C language literals: Identify the one real (floating) constant that is not valid in C scientific notation.

Difficulty: Easy

Correct Answer: 1.2e2.0

Explanation:


Introduction / Context:
This question checks the rules for writing floating-point constants in C using scientific notation (exponent form). The exponent part must be an integer (no decimal point), and there must be no spaces within the literal.


Given Data / Assumptions:

  • C real constants may use the format: [digits][.digits][(E|e)[+|-]digits].
  • Exponent 'digits' must be an integer (base-10), not a floating number.
  • Case E/e is allowed; optional sign on exponent is allowed.


Concept / Approach:
We compare each candidate with the lexical rules for C floating constants. Any deviation (for example, a non-integer exponent like '2.0') makes the token invalid. All valid forms must have an exponent consisting solely of optional sign followed by one or more decimal digits.


Step-by-Step Solution:

Check option a: '1.2e2.0' → exponent '2.0' is not an integer; invalid.Option b: '-2.3e-2' → valid (exponent is −2).Option c: '-2.3E2' → valid (uppercase E allowed; exponent 2).Option d: '-2.3e2' → valid (exponent 2).Option e: '3.0E+0' → valid (exponent +0).
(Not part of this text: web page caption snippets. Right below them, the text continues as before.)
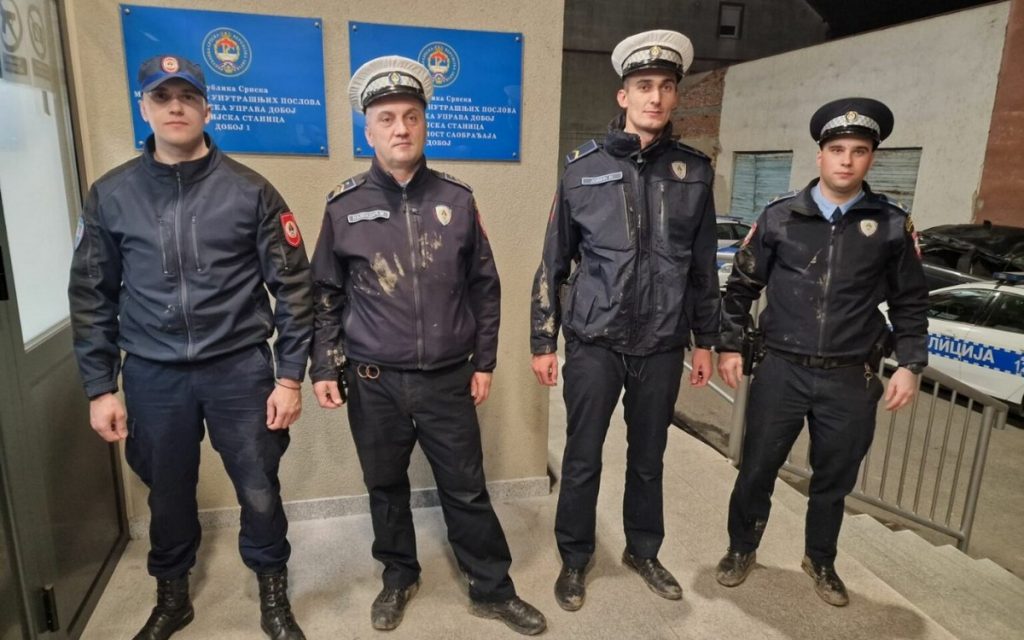 Dobojski-policajci-1536x1152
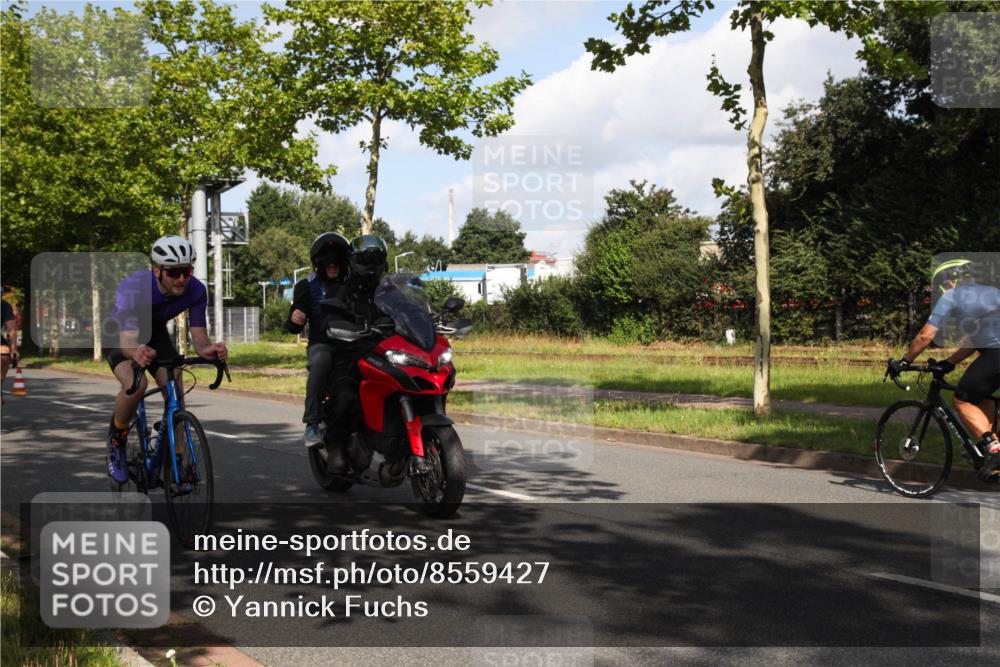 10.08.2025 - GEWOBA Citytriathlon Bremen Yannick Fuchs http://msf.ph/oto/8559427 10.08.2025 10:55:55 Radfahren 93, 117, 119, 207, 480, 485 meine-sportfotos.de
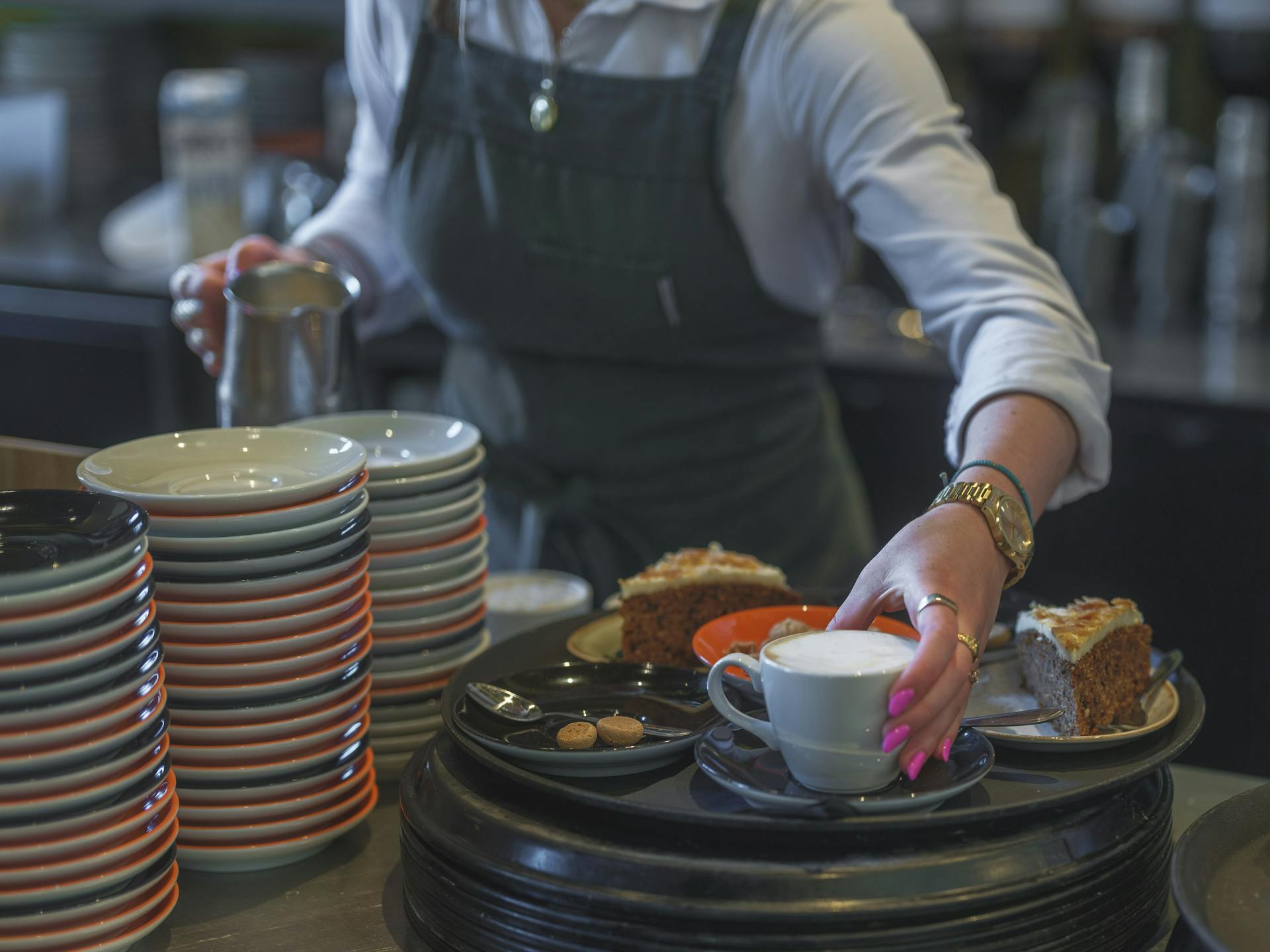 Das Personal eines Restaurants bei der Arbeit | Quelle: Pexels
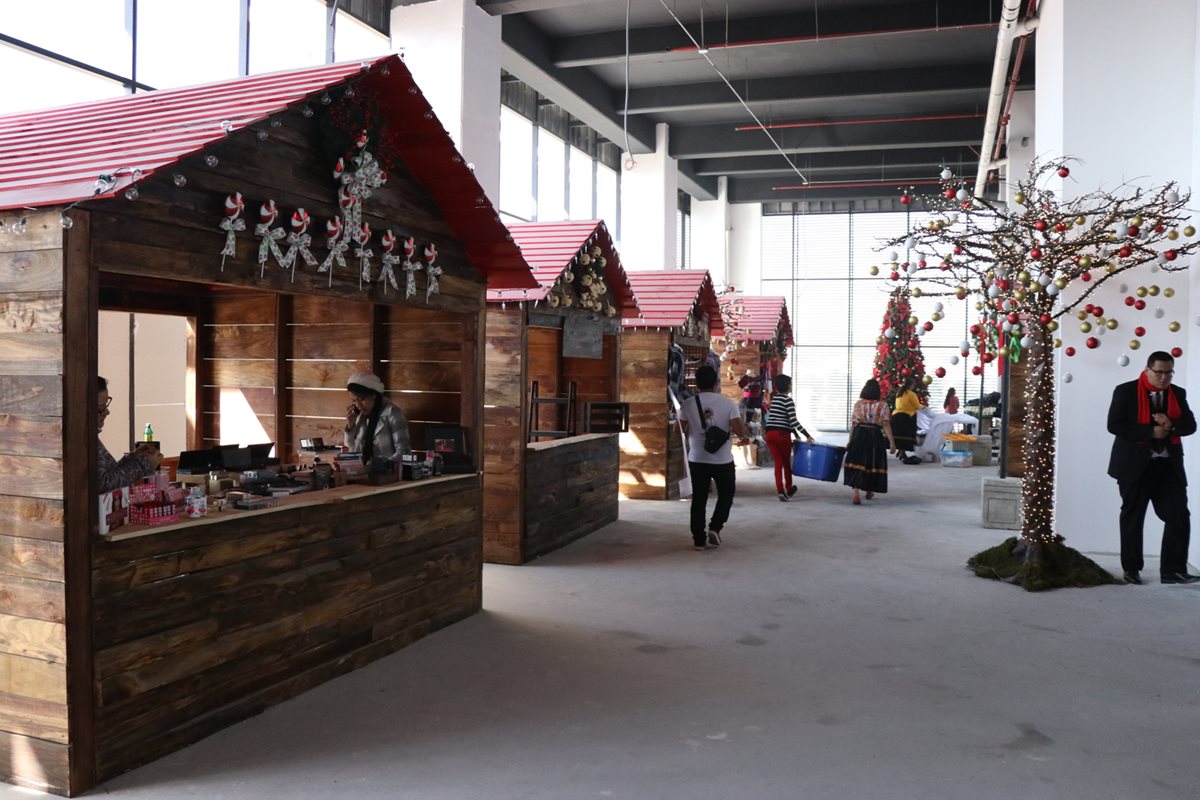 La villa navideña también ofrece atractivos para grandes y pequeños. (Foto Prensa Libre: María José Longo)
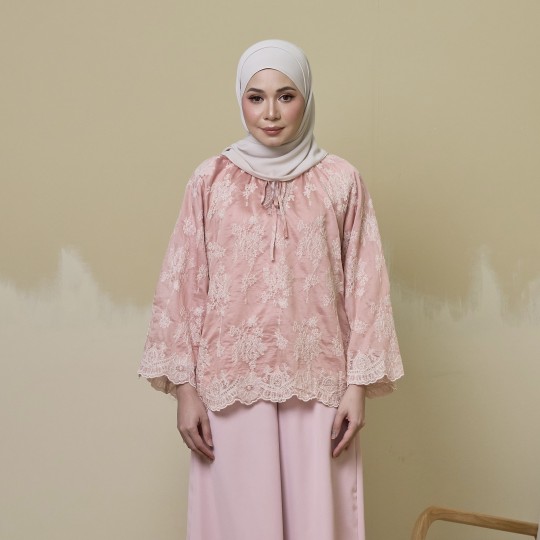 Suri Blouse in Pink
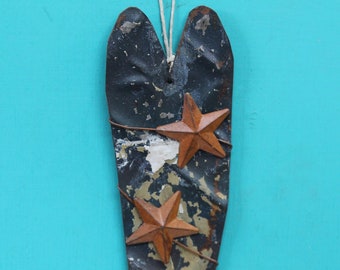 Chrsitmas ornament - skinny heart with stars on vintage ceiling tin/tile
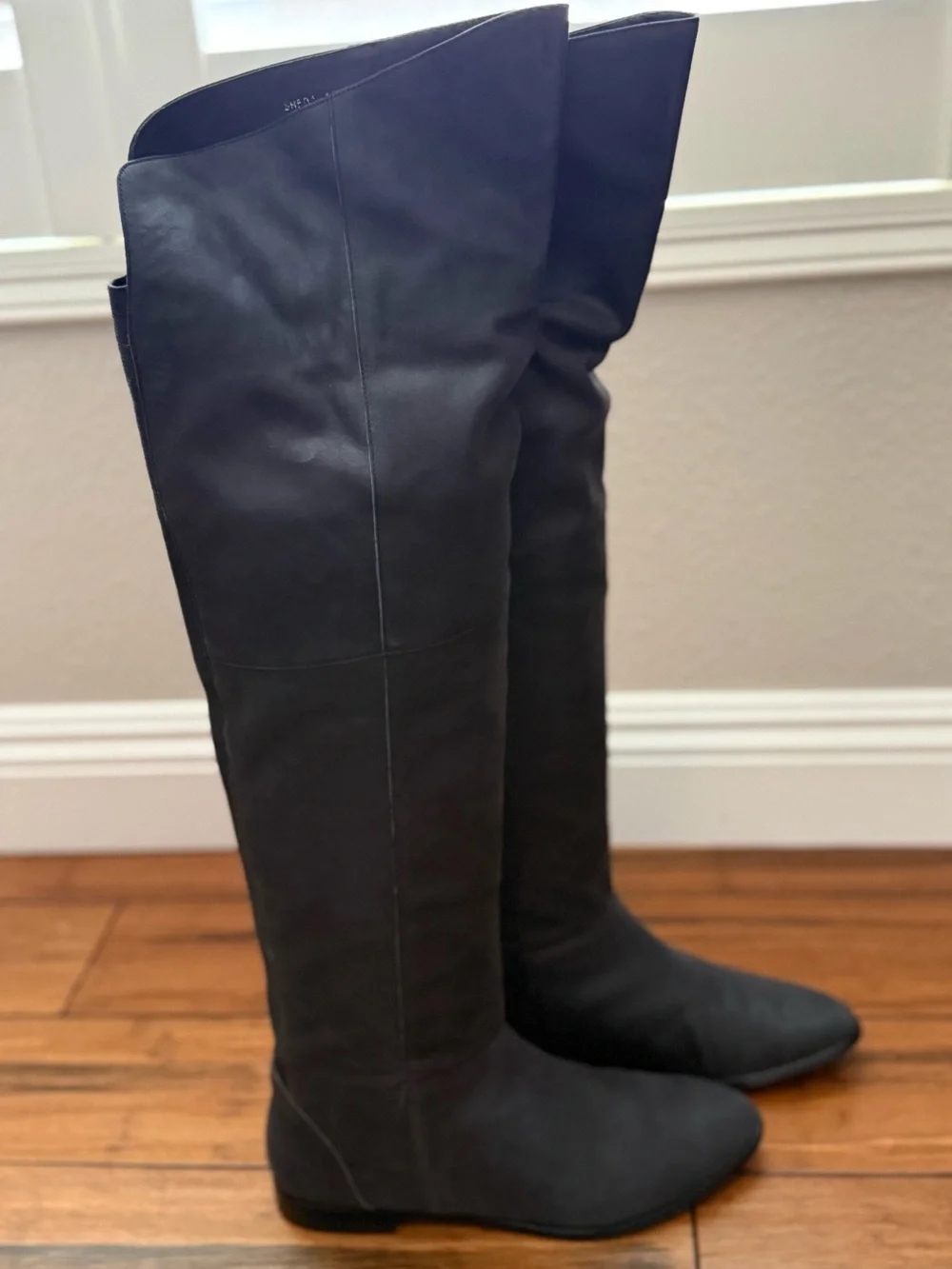 Over-The-Knee Black Women's Boots - Sleek Tall Fashion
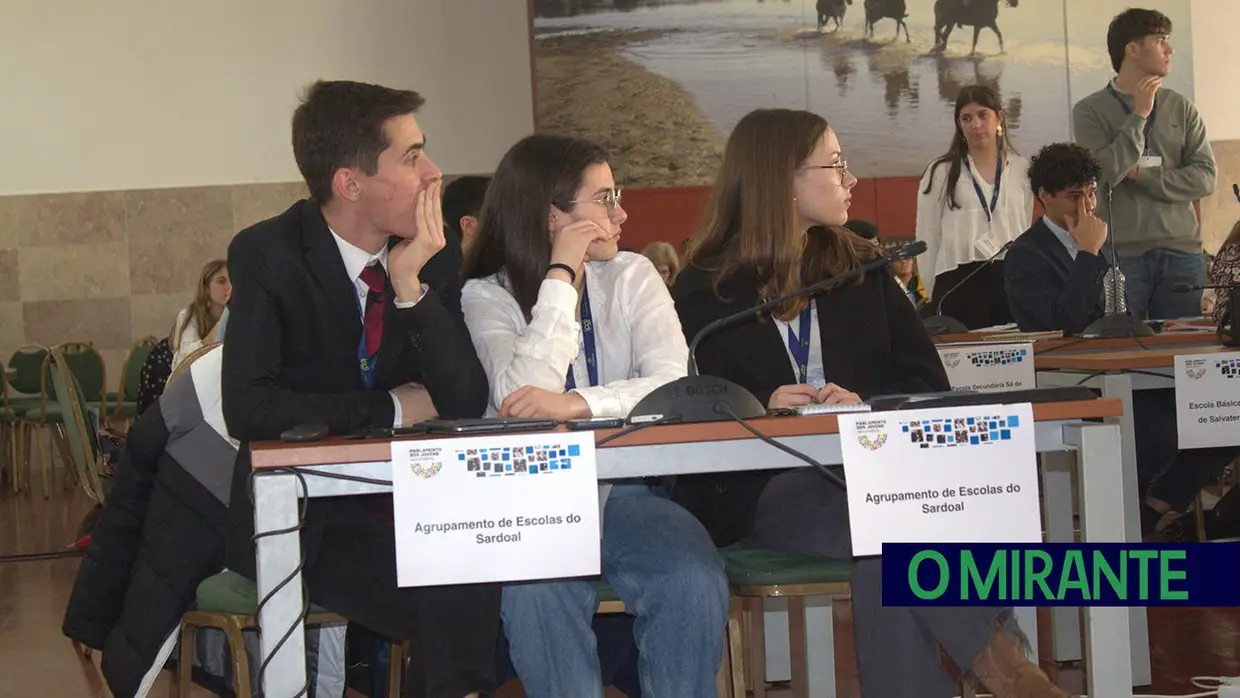 Alunos do distrito debateram novas tecnologias em Santarém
Verification / Alternative check:
The C standard grammar for floating constants requires the exponent part to be an optionally signed sequence of digits; a decimal point in the exponent is illegal.


Why Other Options Are Wrong:

All others use an integer exponent and follow the allowed forms, so they are valid literals in C.


Common Pitfalls:

Including spaces or decimal points inside the exponent; inserting a space splits tokens and makes them invalid.